Colliers Capital Markets recently sat down with Tim Betjemann, Geographic Discipline Leader, Colliers Project Leaders, to discuss innovations in workplace design and build-out construction trends.  

Tim Betjemann (TB):  Companies are giving people a reason to come back to the office. They are using their space to provide a better experience than you get at home by supporting a sense of community through shared social spaces and task-focused work environments. The Zoom rooms and conference spaces we’re building today have best-in-class technology and acoustics. It used to be that only a handful of rooms were designed for video conferencing. Today, every space, including workstations, is designed to support video calls.

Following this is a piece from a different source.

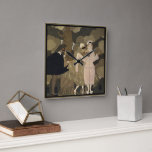 Vintage Art Deco, Surprise by George Barbier Square Wall Clock<br><div class="desc">Vintage illustration Art Deco design titled Surprise by George Barbier. A masquerade party with fairy tale characters dressed in elegant costumes and wearing masks. Harlequinade is a British comic theatrical genre, pantomime with the characters Harlequin, who loves Columbine, Columbine's greedy father Pantaloon, a mischievous Clown, and the servant, Pierrot.</div>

Let’s say you’re part of a critical pitch. Chances are you’d rather be in an impressive conference space with a robust internet connection and IT assistance than in a poorly lit home office with a virtual background, laggy connection, and the neighbors’ landscapers outside your window. 

TB:  The office has changed significantly over the last four years. However, the way users budget and schedule for it hasn’t necessarily caught up. The types and proportions of today’s workspaces are dramatically different. Gone are the days of acres of relatively low-cost cube farms for heads-down work. Those tasks are now done efficiently at home. The spaces constructed today are for collaboration, either locally or via video conferencing. Conference rooms, huddle rooms, and breakout areas constitute a greater percentage of the overall office environment. These enhancements come at a higher cost per square foot than the workspaces of yesterday. So, although companies are reducing their footprints, today’s office build-outs are more expensive, and overall budgets aren’t going down the way one might expect.

TB: The softening real estate market has helped provide funding mechanisms like tenant improvement allowances and free rent, which have helped offset build-out costs. Additionally, we’re seeing occupiers adopt a strategic approach by reimagining second-generation and sublease spaces. For example, by repurposing open and private offices, occupiers can redirect funds to higher-cost spaces like conference rooms, cafes, and other dynamic areas that bring people back to the office.  

TB: Many supply chain bottlenecks have been resolved, with IT, AV, and security equipment improving significantly. However, electrical systems can still have very long lead times. Purchasing long lead items during design can help with mitigating schedule risk. I would still caution that regular check-ins with contractors and vendors are crucial because supply chain risk can come from almost anywhere. Recently, there were some significant delays in materials coming from overseas as shipping was rerouted due to pirate activity.

*This interview has been edited for length and clarity.